# About this exercise
From the line that contains "Henri Rousseau - Kind" to the last line of the data below, transcribe every line exactly. Do not include the pictures.

*** Opening Records to process ***

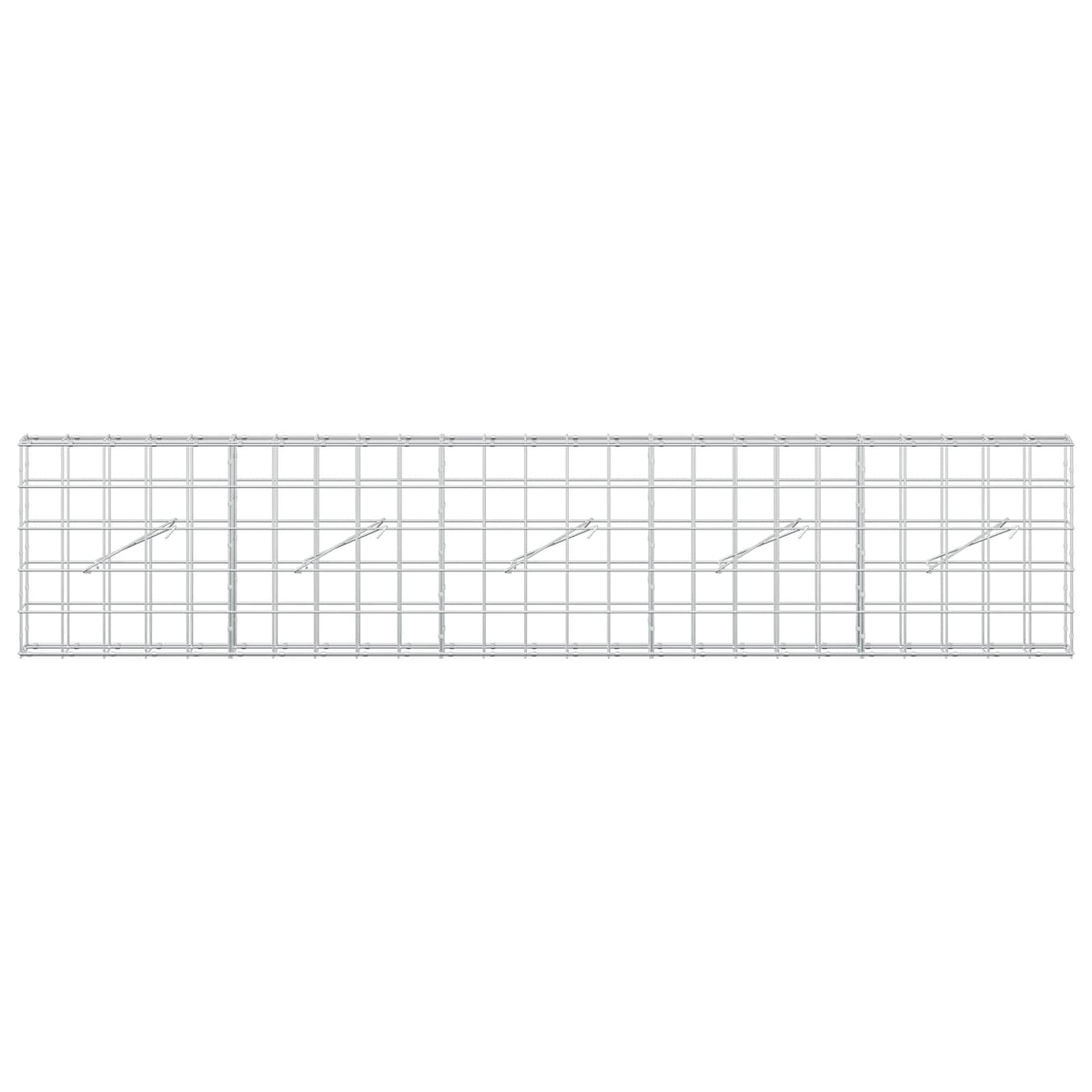 Gabion with 3.5 mm Wire and 10x10 cm Mesh 250x10x50 cm
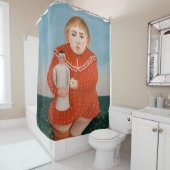 Henri Rousseau - Kind mit Puppe Duschvorhang (Beispiel)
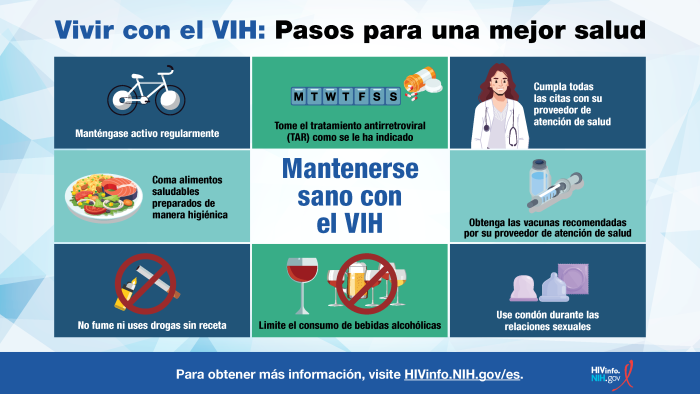 Mantenerse sano con el VIH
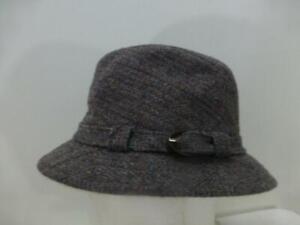 Kangol Design Bucket Hat gray Wool madmen mid cent cap lid fedora mens sz Medium
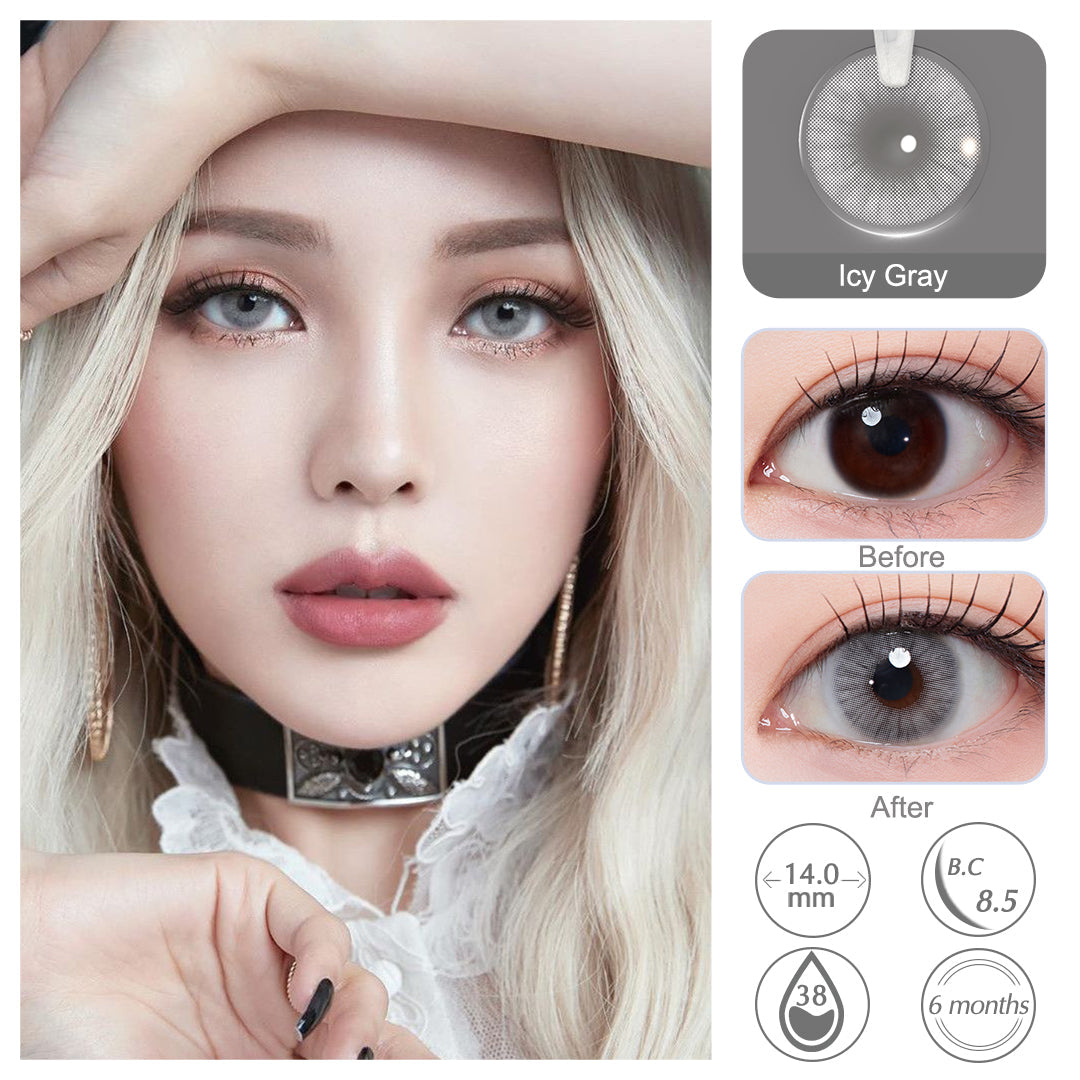 Queen Icy Gray Colored Contacts - Image 2 | Colored Contacts | FreshGo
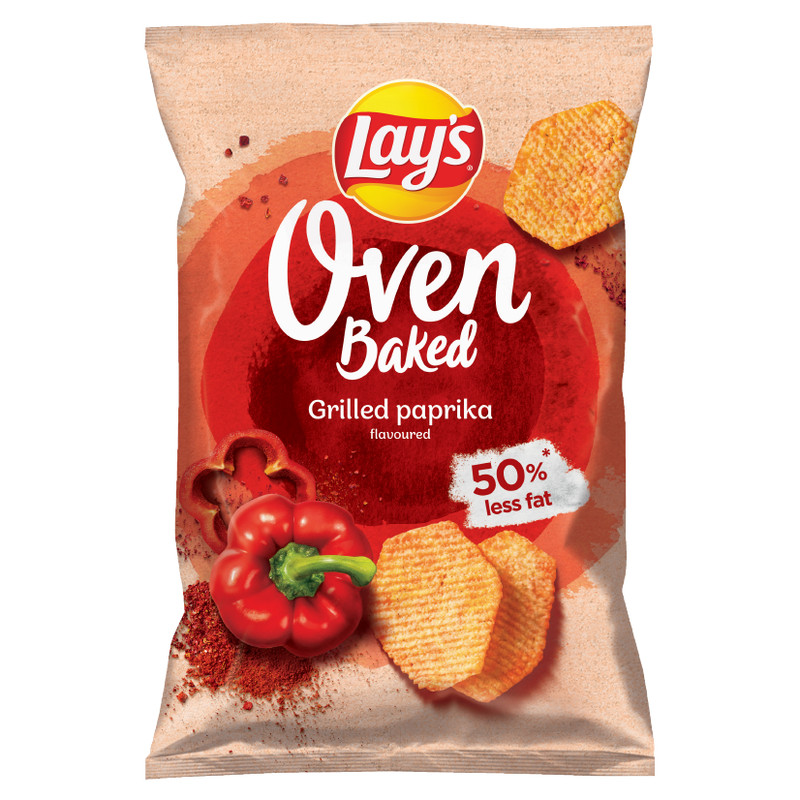 3 x LAYS Oven Baked Grilled Paprika Flavor Potato Chips Crisps Snacks 110g/3.8oz gallery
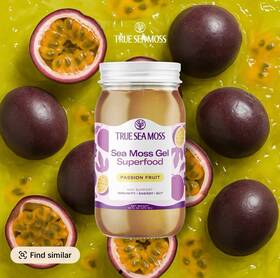 Tsm-spb1 Trueseamoss Wildcrafted Irish Sea Moss Gel Dried Seaweed Seamoss Passion Fruit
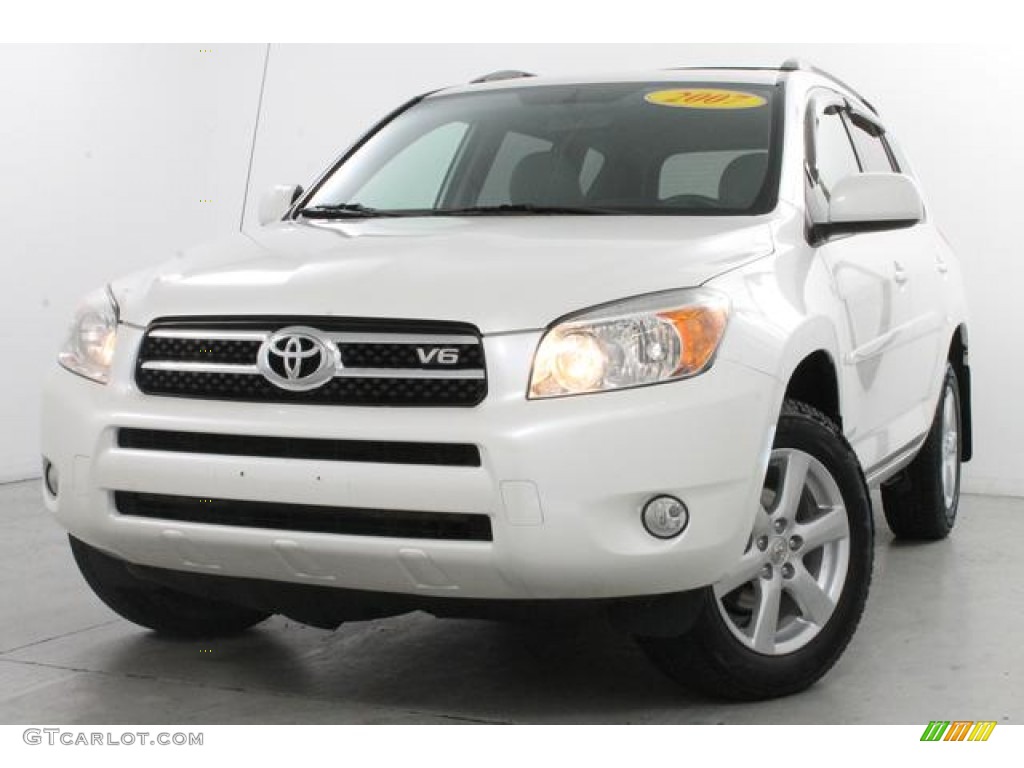2007 RAV4 Limited 4WD - Blizzard White Pearl / Taupe photo #2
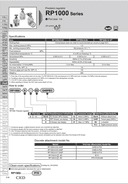 CKD Präzisionsdruckregler Serie RP Datenblatt EN
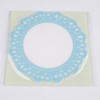 Good-L Antique Lace Style Vinyl Coasters White x Blue Diameter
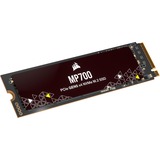 Corsair MP700 2 TB SSD Zwart, PCIe 5.0 x4, NVMe 2.0, M.2 2280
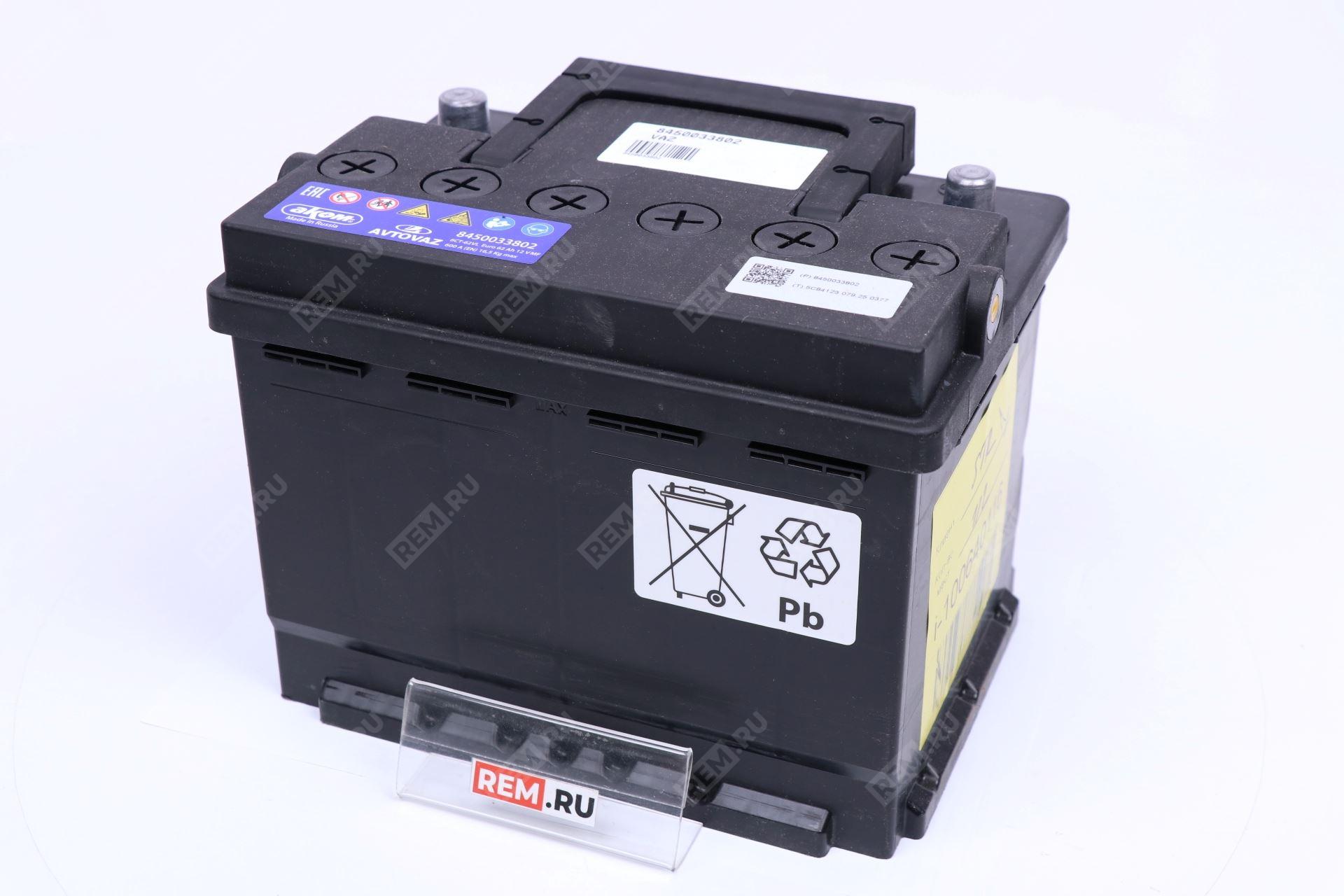  8450033802 батарея аккумуляторная 62ah 12v 600a 6ct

*** Closing Records to process ***

# Result for this exercise
 Henri Rousseau - Kind mit Puppe Duschvorhang (Beispiel)
 Mantenerse sano con el VIH
 Kangol Design Bucket Hat gray Wool madmen mid cent cap lid fedora mens sz Medium
 Queen Icy Gray Colored Contacts - Image 2 | Colored Contacts | FreshGo
 3 x LAYS Oven Baked Grilled Paprika Flavor Potato Chips Crisps Snacks 110g/3.8oz gallery
 Tsm-spb1 Trueseamoss Wildcrafted Irish Sea Moss Gel Dried Seaweed Seamoss Passion Fruit
2007 RAV4 Limited 4WD - Blizzard White Pearl / Taupe photo #2
 CKD Präzisionsdruckregler Serie RP Datenblatt EN
 Good-L Antique Lace Style Vinyl Coasters White x Blue Diameter
 Corsair MP700 2 TB SSD Zwart, PCIe 5.0 x4, NVMe 2.0, M.2 2280
  8450033802 батарея аккумуляторная 62ah 12v 600a 6ct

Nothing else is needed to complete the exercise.